EXTRACTED DATA Block Start

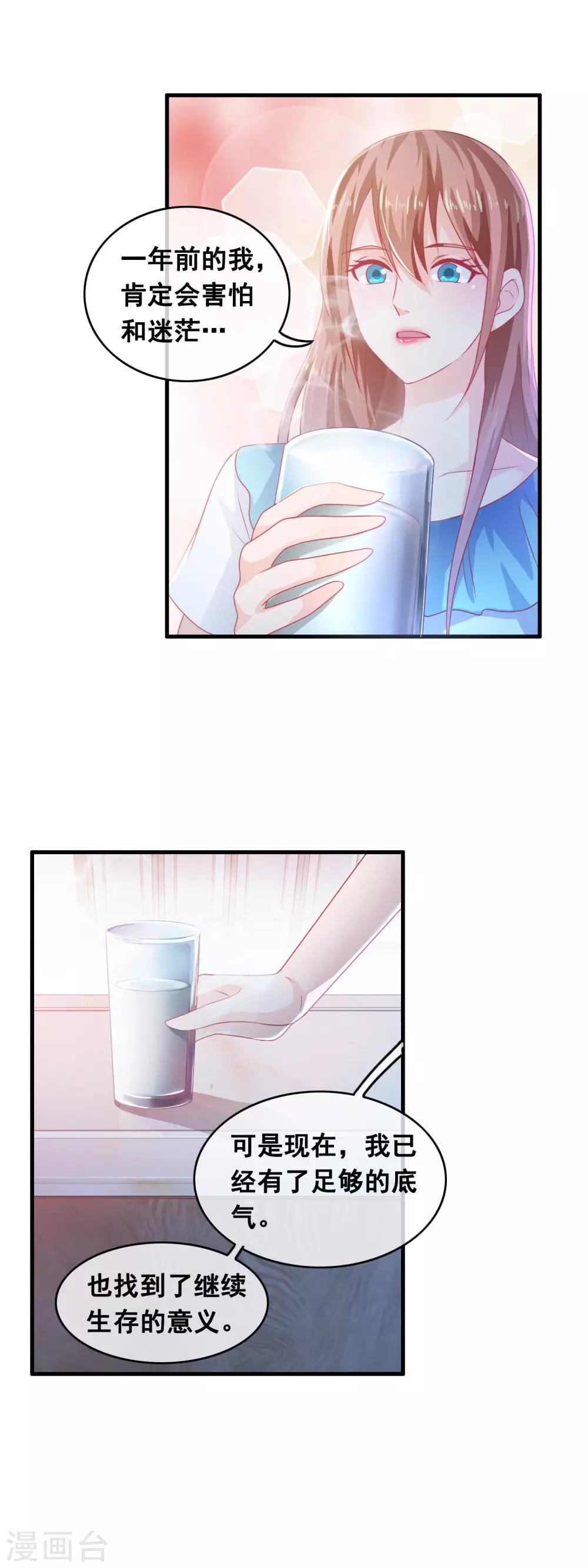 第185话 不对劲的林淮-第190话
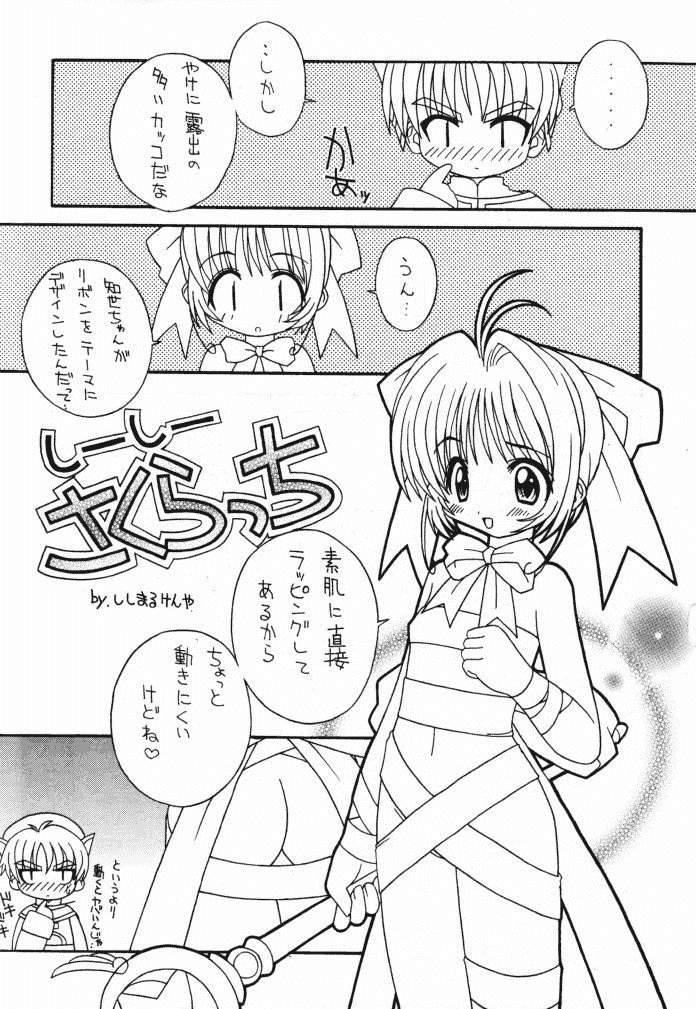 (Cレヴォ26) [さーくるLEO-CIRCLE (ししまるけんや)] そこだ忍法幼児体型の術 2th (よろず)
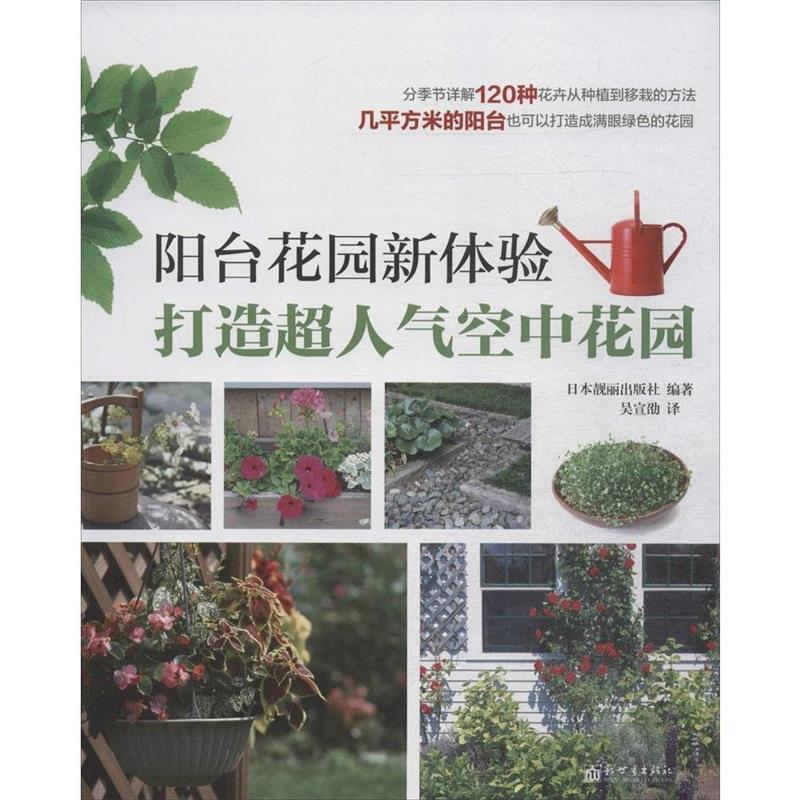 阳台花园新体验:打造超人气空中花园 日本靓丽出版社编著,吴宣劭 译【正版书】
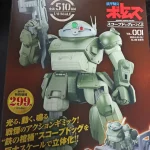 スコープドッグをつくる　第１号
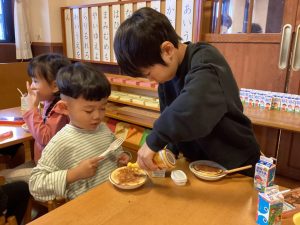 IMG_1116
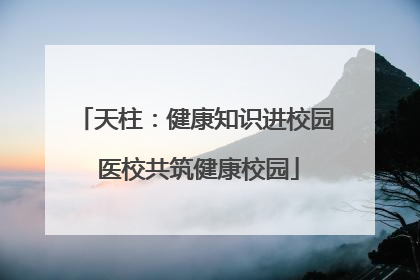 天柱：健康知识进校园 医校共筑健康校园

EXTRACTED DATA Block End

* _GOAL OF THE EXERCISE_:
Leaving the pictures out, write out every entry exactly.

* _RESULT OF THE EXERCISE_:
 第185话 不对劲的林淮-第190话
 (Cレヴォ26) [さーくるLEO-CIRCLE (ししまるけんや)] そこだ忍法幼児体型の術 2th (よろず)
 阳台花园新体验:打造超人气空中花园 日本靓丽出版社编著,吴宣劭 译【正版书】
 スコープドッグをつくる　第１号
 IMG_1116
 天柱：健康知识进校园 医校共筑健康校园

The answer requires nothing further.